_Your objective_:
Reproduce only what runs from the line containing "Spartan Helmet Shaped Wooden Stud Earrings" to the line containing "AZ license plate AAA1092" in the records below, inclusive. Keep it exact, and keep the pictures out.

_Listed entries_:
*-*-*

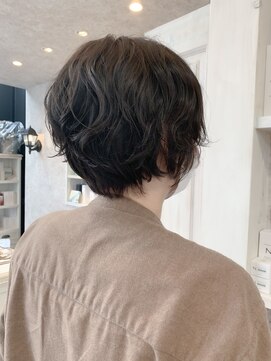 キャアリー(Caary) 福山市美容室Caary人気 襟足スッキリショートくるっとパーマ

*-*-*

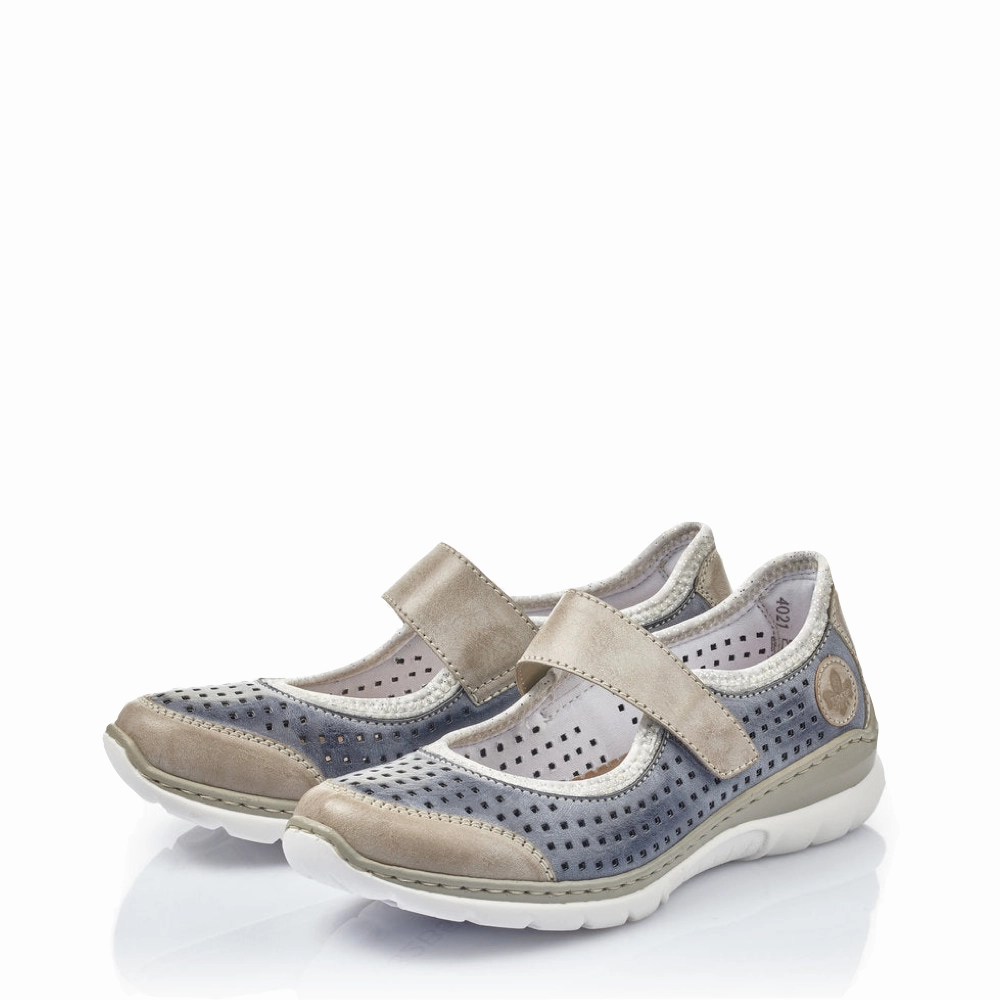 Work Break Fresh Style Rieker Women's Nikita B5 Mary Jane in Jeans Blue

*-*-*

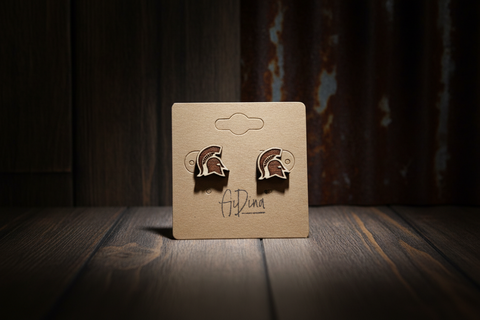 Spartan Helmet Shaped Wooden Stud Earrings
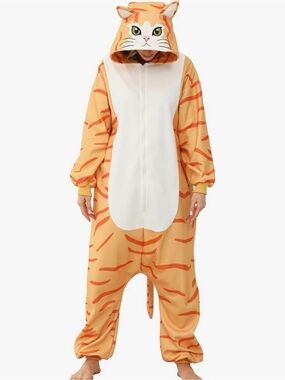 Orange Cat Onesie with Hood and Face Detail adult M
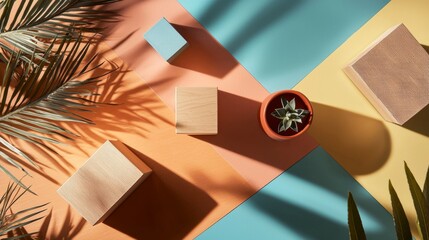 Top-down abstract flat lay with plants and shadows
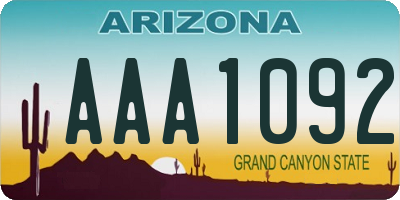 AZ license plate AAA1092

*-*-*

_Worked solution_:
 Spartan Helmet Shaped Wooden Stud Earrings
 Orange Cat Onesie with Hood and Face Detail adult M
 Top-down abstract flat lay with plants and shadows
 AZ license plate AAA1092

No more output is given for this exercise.